This song is about how I feel when looking back over my day that I waste away and the frustration of feeling hopeless to change
Progressive finger-style guitar, with emotional melodies and raw, honest lyrics.
I invite you to amble through my world of raw, emotional and honest song writing.
I hope it might strike a chord in you and be a little more like a flower among the thorns of unsigned amateurs here on SoundClick. Though I indeed am a unsigned amateur myself.
Lyrics
"I know how destructive it is to please my flesh, And I know the joy and the freedom I have when I focus on You.
Yet I let my feeling, emotions, and moods drag me down, Later I wonder where was my faithfulness to stand firm in what I believe
I began to worry about the next time I don’t feel like trying, When an apathy comes over me, and I don’t seem to care about what I believe,
For my soul is fatigued and I can’t seem to think.
It is during these time I feel the weakest,
It is during these time it seems You are the farthest away.
I don’t find the strength to changed so I pray for help. But no help I find, so by the act of the will I try, But how often I fall victim to how I feel. It’s during these times I feel I need You the most But Your nowhere to be found,
I just want to crawl in to a hole in the ground and cry But no tears can I find,
Yet it’s ripping my heart out And holding it right in front of my eyes.

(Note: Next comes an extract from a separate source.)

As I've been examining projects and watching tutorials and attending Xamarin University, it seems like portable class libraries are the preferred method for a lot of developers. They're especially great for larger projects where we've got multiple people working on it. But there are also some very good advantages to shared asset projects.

Every time you open my eyes to a new revelation,
it’s always followed with this feeling, like a spiritual hangover that comes over me casting me to my knees. Is this your way of humbling me, an infirmity that you have given me, yes a gift to help me to grow, and keep me fully dependent on you?

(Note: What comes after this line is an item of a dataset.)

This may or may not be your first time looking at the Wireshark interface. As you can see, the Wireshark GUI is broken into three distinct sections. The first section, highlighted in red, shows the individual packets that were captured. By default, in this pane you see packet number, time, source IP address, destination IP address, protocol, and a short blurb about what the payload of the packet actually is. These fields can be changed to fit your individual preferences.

Lord I confess that your way is the best,
your timing is perfect, so are you putting me to the test, so that I’ll grow strong, for feelings will come and go, you want my faith to be tested and real.

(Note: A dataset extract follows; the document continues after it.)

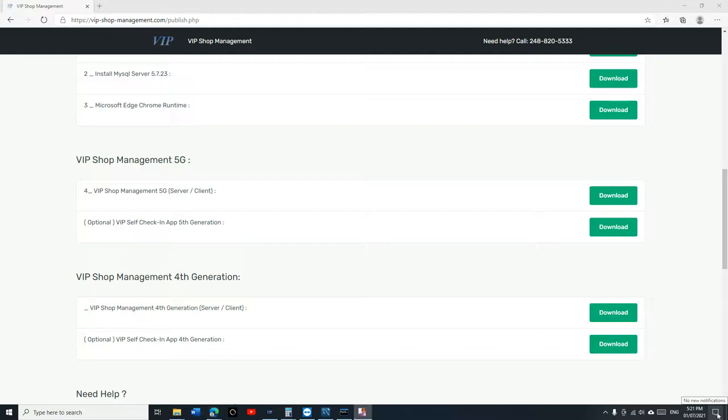What's up guys, Mark here from VIP Shop Management. Today I'm going to show you how to subscribe and install VIP Shop Management cloud version. It's really simple, but before I show you that...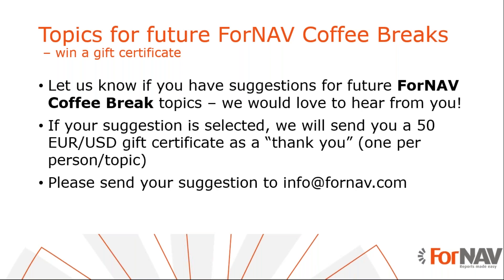With that, we have no questions at the moment. So thank you for listening to me today and I will speak to you in another ForNAV coffee break. Thank you and goodbye.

Yet the night always comes, where I look over my day and see what I have done, then shame covers my face how could I live my life this way?
I cause myself so much pain! I hate myself sometimes,
it seems I’ll never learn, for I’m only getting worse.
The very way I condemn is the way I live, I’m a two faced humanistic worm.
Lord is there any hope, can a leopard change his spots?
O how my life is in your hands. So have mercy, for I’m filthy,
have mercy for I’m blind, have mercy for I’m helpless and weak,
humanistic and sinful, so have mercy.